**Activity**
When you write out the listing, keep every word as it stands and drop the pictures.

**Recorded data**
== Segment start ==

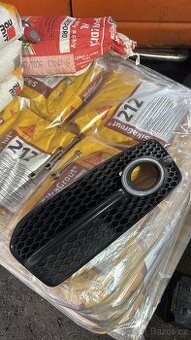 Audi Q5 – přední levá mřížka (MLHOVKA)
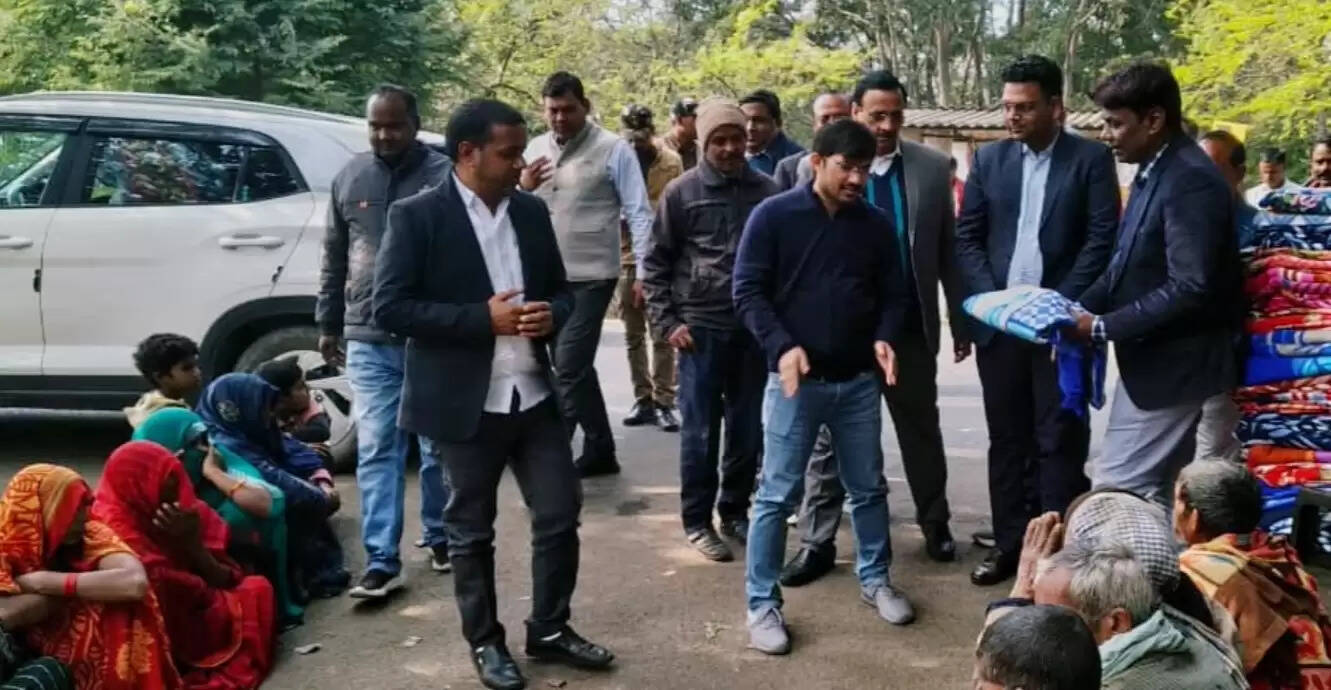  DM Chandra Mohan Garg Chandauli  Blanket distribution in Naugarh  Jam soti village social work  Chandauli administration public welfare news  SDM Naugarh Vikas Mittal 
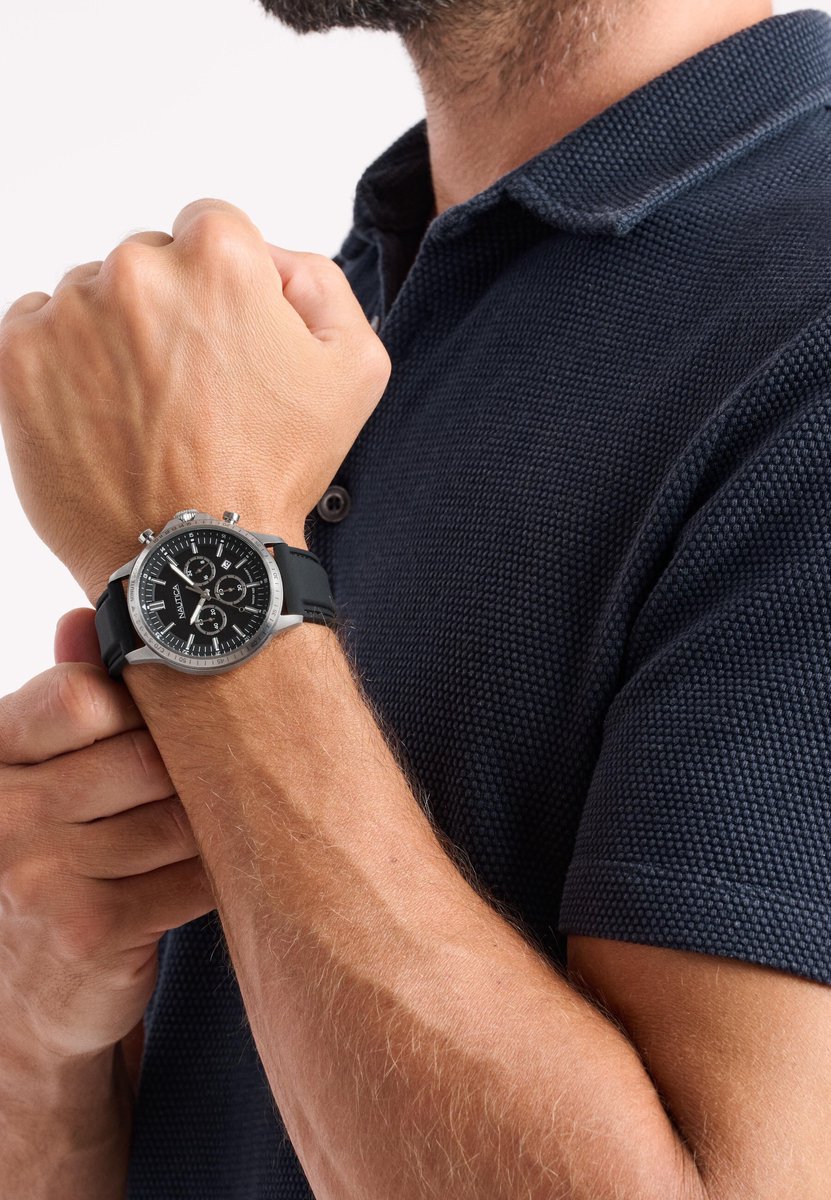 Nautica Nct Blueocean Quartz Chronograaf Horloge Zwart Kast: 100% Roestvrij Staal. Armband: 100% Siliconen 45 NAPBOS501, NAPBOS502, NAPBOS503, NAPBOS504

== Segment end ==

**Response area**
 Audi Q5 – přední levá mřížka (MLHOVKA)
  DM Chandra Mohan Garg Chandauli  Blanket distribution in Naugarh  Jam soti village social work  Chandauli administration public welfare news  SDM Naugarh Vikas Mittal 
 Nautica Nct Blueocean Quartz Chronograaf Horloge Zwart Kast: 100% Roestvrij Staal. Armband: 100% Siliconen 45 NAPBOS501, NAPBOS502, NAPBOS503, NAPBOS504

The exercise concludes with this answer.